_What you need to do_
Type the listing below out again exactly. No images.

------------

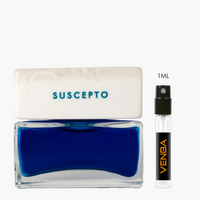 SAMPLE - Spiritica Suscepto Extrait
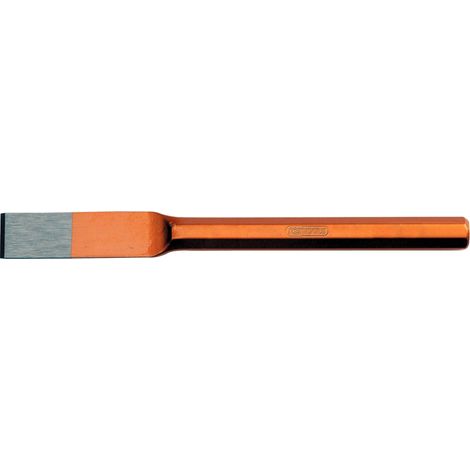 KS Tools Fugenmeißel, 8-kant, 250x25mm - 162.0151 (1/3)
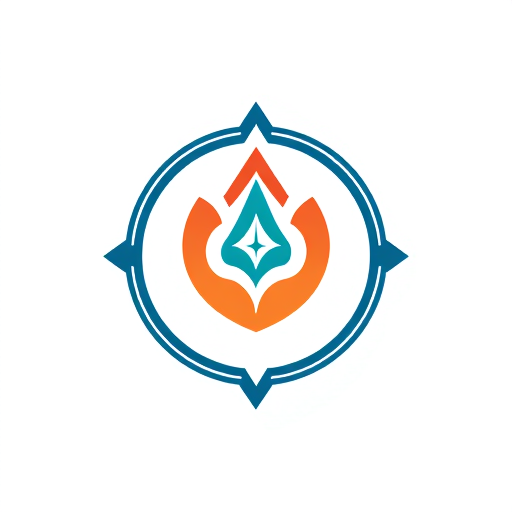 Professional logo design. Lalbadshah logo generat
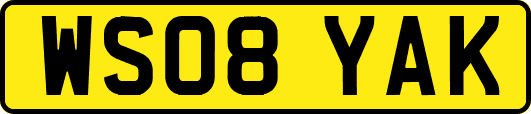 WS08YAK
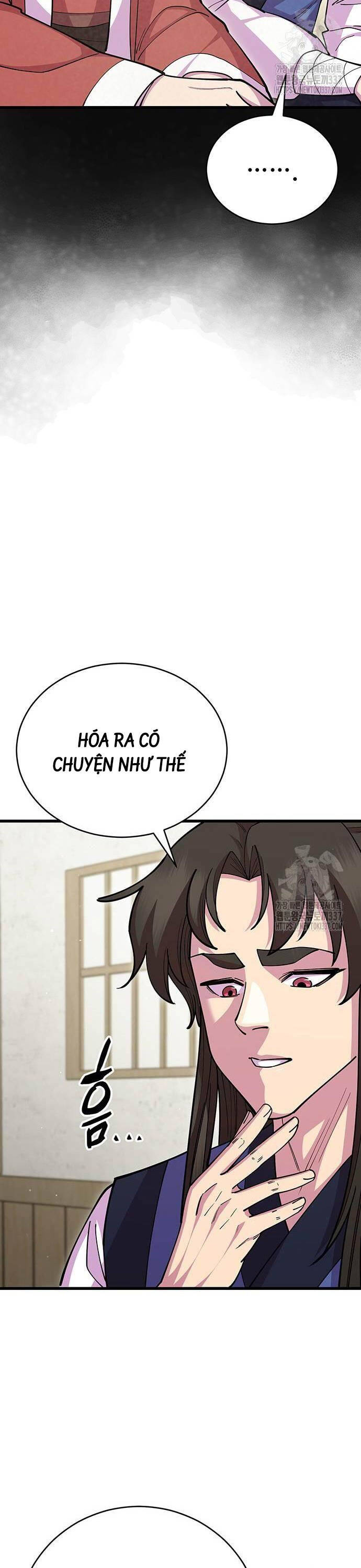 Thiên Hạ Đệ Nhất Đại Sư Huynh - Chapter 87 - Page 10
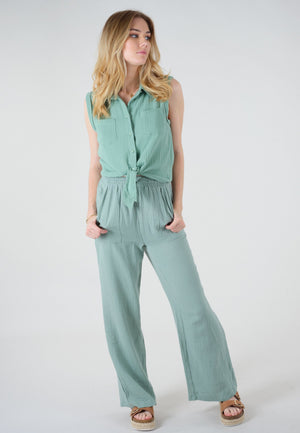 Deeluxe Martine Blouse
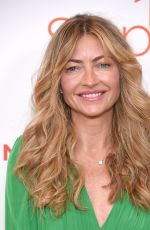 REBECCA GAYHEART at Step Up Inspiration Awards in Los Angeles 05/31/2019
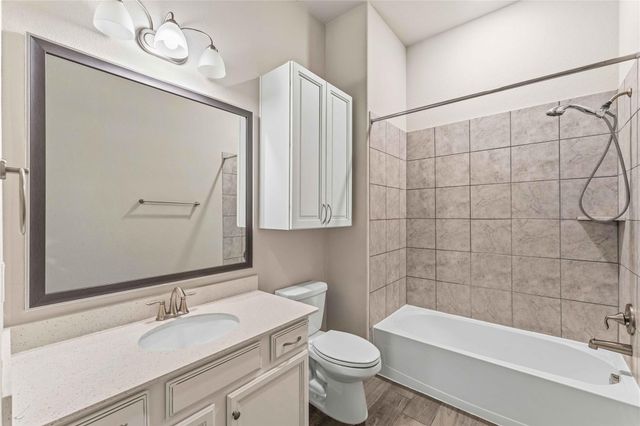 11926 Symphony Park Court, Cypress, TX 77433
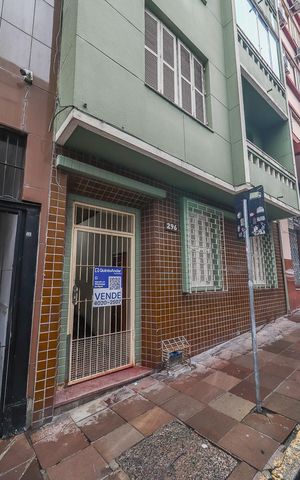 Apartamento à venda com 64m², 2 quartos e sem vagaFachada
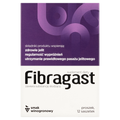 Fibragast, 12 saszetek - zdjęcie produktu
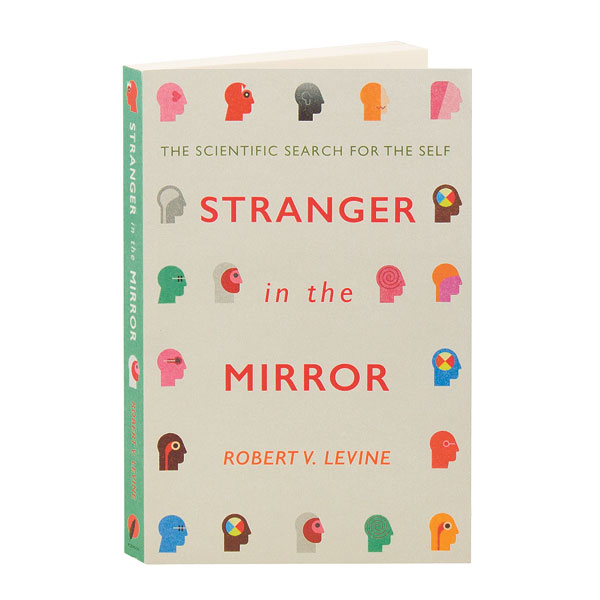 Product image for Stranger In The Mirror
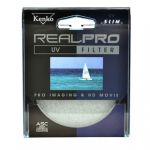 Kenko 40,5mm RealPro UV filtr ASC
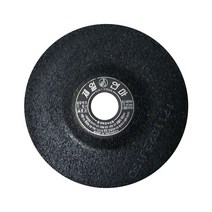 제일연마 A옵셋 4인치 6T 연마석 1BOX 200개입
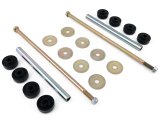 Tuff Country 99-06 GMC Sierra 1500 4wd Front Sway Bar End Link Kit (with 4-6in Lift Kit) thumbnail 3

------------

_Exercise output_
 SAMPLE - Spiritica Suscepto Extrait
 KS Tools Fugenmeißel, 8-kant, 250x25mm - 162.0151 (1/3)
 Professional logo design. Lalbadshah logo generat
 WS08YAK
 Thiên Hạ Đệ Nhất Đại Sư Huynh - Chapter 87 - Page 10
 Deeluxe Martine Blouse
 REBECCA GAYHEART at Step Up Inspiration Awards in Los Angeles 05/31/2019
 11926 Symphony Park Court, Cypress, TX 77433
 Apartamento à venda com 64m², 2 quartos e sem vagaFachada
 Fibragast, 12 saszetek - zdjęcie produktu
 Product image for Stranger In The Mirror
 Kenko 40,5mm RealPro UV filtr ASC
 제일연마 A옵셋 4인치 6T 연마석 1BOX 200개입
 Tuff Country 99-06 GMC Sierra 1500 4wd Front Sway Bar End Link Kit (with 4-6in Lift Kit) thumbnail 3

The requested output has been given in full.